WHAT TO WORK ON:
Exactly transcribe the line that holds "Arbor Woods offers" and every remaining line of the records, up to and including the final one, with nothing else.

EXERCISE DATA:
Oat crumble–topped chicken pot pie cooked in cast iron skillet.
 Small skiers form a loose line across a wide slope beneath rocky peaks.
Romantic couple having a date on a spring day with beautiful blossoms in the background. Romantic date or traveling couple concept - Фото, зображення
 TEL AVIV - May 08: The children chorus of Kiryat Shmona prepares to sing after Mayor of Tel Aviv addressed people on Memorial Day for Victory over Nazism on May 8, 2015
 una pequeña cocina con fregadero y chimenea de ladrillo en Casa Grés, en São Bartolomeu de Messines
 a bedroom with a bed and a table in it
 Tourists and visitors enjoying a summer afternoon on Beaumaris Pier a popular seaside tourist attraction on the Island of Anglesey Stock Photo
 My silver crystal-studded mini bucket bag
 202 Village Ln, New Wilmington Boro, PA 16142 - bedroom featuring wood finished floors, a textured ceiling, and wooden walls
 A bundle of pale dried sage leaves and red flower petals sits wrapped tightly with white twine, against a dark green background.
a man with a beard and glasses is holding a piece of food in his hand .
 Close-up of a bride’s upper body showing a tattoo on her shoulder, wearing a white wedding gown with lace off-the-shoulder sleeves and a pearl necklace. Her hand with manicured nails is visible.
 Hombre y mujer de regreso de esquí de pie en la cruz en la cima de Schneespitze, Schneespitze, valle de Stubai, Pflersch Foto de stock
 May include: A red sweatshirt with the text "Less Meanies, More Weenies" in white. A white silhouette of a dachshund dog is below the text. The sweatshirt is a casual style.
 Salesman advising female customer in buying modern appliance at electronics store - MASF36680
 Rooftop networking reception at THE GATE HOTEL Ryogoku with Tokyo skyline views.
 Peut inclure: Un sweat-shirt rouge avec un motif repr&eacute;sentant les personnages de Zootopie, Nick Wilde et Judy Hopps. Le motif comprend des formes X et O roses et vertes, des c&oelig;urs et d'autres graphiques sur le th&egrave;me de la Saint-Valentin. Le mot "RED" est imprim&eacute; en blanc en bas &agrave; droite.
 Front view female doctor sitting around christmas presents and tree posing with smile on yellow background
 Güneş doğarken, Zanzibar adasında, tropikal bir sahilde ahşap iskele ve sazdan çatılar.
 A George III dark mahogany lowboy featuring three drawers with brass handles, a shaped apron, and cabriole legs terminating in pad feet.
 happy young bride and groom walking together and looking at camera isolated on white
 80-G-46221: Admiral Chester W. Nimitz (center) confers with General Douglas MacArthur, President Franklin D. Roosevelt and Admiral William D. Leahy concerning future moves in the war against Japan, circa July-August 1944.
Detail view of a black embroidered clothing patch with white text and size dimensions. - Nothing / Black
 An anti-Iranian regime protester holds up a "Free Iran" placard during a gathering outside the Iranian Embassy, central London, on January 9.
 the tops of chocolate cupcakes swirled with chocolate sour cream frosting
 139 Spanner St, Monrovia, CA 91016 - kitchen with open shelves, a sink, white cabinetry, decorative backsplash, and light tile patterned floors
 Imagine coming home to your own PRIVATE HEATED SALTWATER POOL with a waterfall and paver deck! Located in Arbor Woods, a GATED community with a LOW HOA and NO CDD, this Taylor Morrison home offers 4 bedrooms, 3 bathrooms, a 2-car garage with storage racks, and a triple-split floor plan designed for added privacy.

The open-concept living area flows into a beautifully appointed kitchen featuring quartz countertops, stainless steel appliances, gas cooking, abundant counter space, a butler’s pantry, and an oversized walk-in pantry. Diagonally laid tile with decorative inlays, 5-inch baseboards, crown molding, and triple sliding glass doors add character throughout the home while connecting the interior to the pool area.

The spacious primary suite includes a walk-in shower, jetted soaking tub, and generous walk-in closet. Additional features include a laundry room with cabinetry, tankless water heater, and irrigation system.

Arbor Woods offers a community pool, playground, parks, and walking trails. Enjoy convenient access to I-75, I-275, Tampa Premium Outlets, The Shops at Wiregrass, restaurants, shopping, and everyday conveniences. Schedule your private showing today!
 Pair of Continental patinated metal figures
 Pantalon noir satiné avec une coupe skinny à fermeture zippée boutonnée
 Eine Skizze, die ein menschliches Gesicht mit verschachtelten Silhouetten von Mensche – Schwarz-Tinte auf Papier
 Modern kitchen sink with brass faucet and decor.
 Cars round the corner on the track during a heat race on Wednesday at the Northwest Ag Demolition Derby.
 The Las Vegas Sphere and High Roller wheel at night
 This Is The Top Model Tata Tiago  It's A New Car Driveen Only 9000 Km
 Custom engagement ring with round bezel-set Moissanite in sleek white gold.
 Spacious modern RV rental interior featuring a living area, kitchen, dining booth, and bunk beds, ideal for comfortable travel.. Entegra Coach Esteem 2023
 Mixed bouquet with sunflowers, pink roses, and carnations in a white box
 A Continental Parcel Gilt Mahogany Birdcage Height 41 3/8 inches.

RESULT FOR THIS EXERCISE:
Arbor Woods offers a community pool, playground, parks, and walking trails. Enjoy convenient access to I-75, I-275, Tampa Premium Outlets, The Shops at Wiregrass, restaurants, shopping, and everyday conveniences. Schedule your private showing today!
 Pair of Continental patinated metal figures
 Pantalon noir satiné avec une coupe skinny à fermeture zippée boutonnée
 Eine Skizze, die ein menschliches Gesicht mit verschachtelten Silhouetten von Mensche – Schwarz-Tinte auf Papier
 Modern kitchen sink with brass faucet and decor.
 Cars round the corner on the track during a heat race on Wednesday at the Northwest Ag Demolition Derby.
 The Las Vegas Sphere and High Roller wheel at night
 This Is The Top Model Tata Tiago  It's A New Car Driveen Only 9000 Km
 Custom engagement ring with round bezel-set Moissanite in sleek white gold.
 Spacious modern RV rental interior featuring a living area, kitchen, dining booth, and bunk beds, ideal for comfortable travel.. Entegra Coach Esteem 2023
 Mixed bouquet with sunflowers, pink roses, and carnations in a white box
 A Continental Parcel Gilt Mahogany Birdcage Height 41 3/8 inches.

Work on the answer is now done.